Ralph: Oh, no, absolutely not. They are built... they'll come to town. In fact, they already have some that are prototyped, so that won't be a problem at all.
Chris: Okay. And is this something where you'd expect your entire lineup to eventually have 700MHz capability?
Ralph: Oh, no, I think that just like we did with 3G, first thing you're gonna see is probably data cards that are 3G data cards that actually are dual-propose... you know, 700 and the other frequencies we use. And then it'll eventually migrate to handsets. But the way it usually works, it gets introduced... because, you know, it's hard to build out a complete network on 700 down the road, so I think it goes in stages. That's what we have seen happen in other times.
Chris: And on a related note, where are you with LTE?
Ralph: We think that LTE, for us, will be in the 2010, 2011 time frame. We are, right now, capable of taking our network and improving the speed of it up to 20 megabits per second. So we think that carries us through the next year, year and a half, then I think you begin to look at LTE as the next step.
Chris: And we've mentioned this a couple times on the site, that there appears... it looks like there's going to be a somewhat awkward period where Verizon is going to be the first to upgrade to LTE before AT&T just because their technology path is at a dead end right now. So are you worried about that overlap where maybe Verizon has the better technology that's rolled out?
Ralph: No, actually I feel exactly the opposite.
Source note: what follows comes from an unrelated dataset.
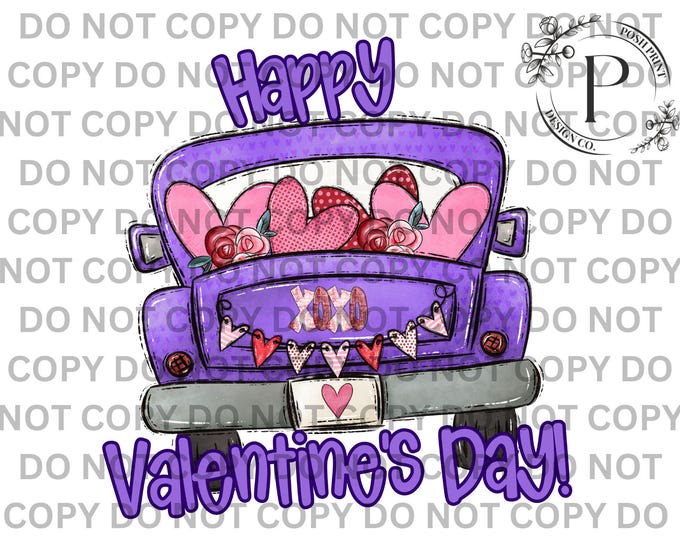 Happy Valentine's Day PNG | Vintage Truck T shirt Design | DTF | Sublimation | Commercial Use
I think we're much better off to say that they don't have a way to improve the majority of their footprint for the next year, because they're going to have to build a whole new network nationwide. We don't have to build the new network. We've already got HSPA, and when we go to release 7, and we can go all the way up to 20 megabits per second, and so I think for the next couple of years, AT&T will have the best and the fastest 3G network in the country while Verizon and others are continuing to look for what to do with LTE or WiMAX or whatever they decide to do.
Chris: Okay, and what's the status of your 2G devices? Do you still have any in the lineup?
Ralph: Oh yeah, yeah, sure.
Chris: And are you going to continue to sell 2G devices for the foreseeable future?
Ralph: At the lower end of the market, I think you're going to see 2G devices being sold, yeah. Because the handsets are very inexpensive, and for people that are not... you know, too centric on data, and they want to get a low-end phone, a nice phone that works well, so there's some place for that.
Chris: Okay. Has your stance on unlocked devices changed?
Chris: So, I know there's been a lot of discussion about the meaning of "open network." It's a very sort of...
Ralph: Yeah, yeah. (Laughter.)
Chris: In fact, I think you were the first to raise that point, the fact that Verizon coming with this open network, what does that mean, we've been open for years. But you're still comfortable hosting unlocked devices on your network? You don't actively encourage it, but...
Ralph: No, but they can bring them. I mean, we actually, you bring a handset, we'll put our SIM in it if that's what you want, and you can just use that. We've done that for a number of years, but it's not something that's done very frequently.
Paul: Yeah, speaking to that, I believe a lot of consumers are a little frustrated when they see really exciting products from Nokia but they have to pay the full price and then bring it as an unlocked phone to your network. Is that something that you guys are working to improve the relationship there so that you can have more subsidized Nokia phones earlier?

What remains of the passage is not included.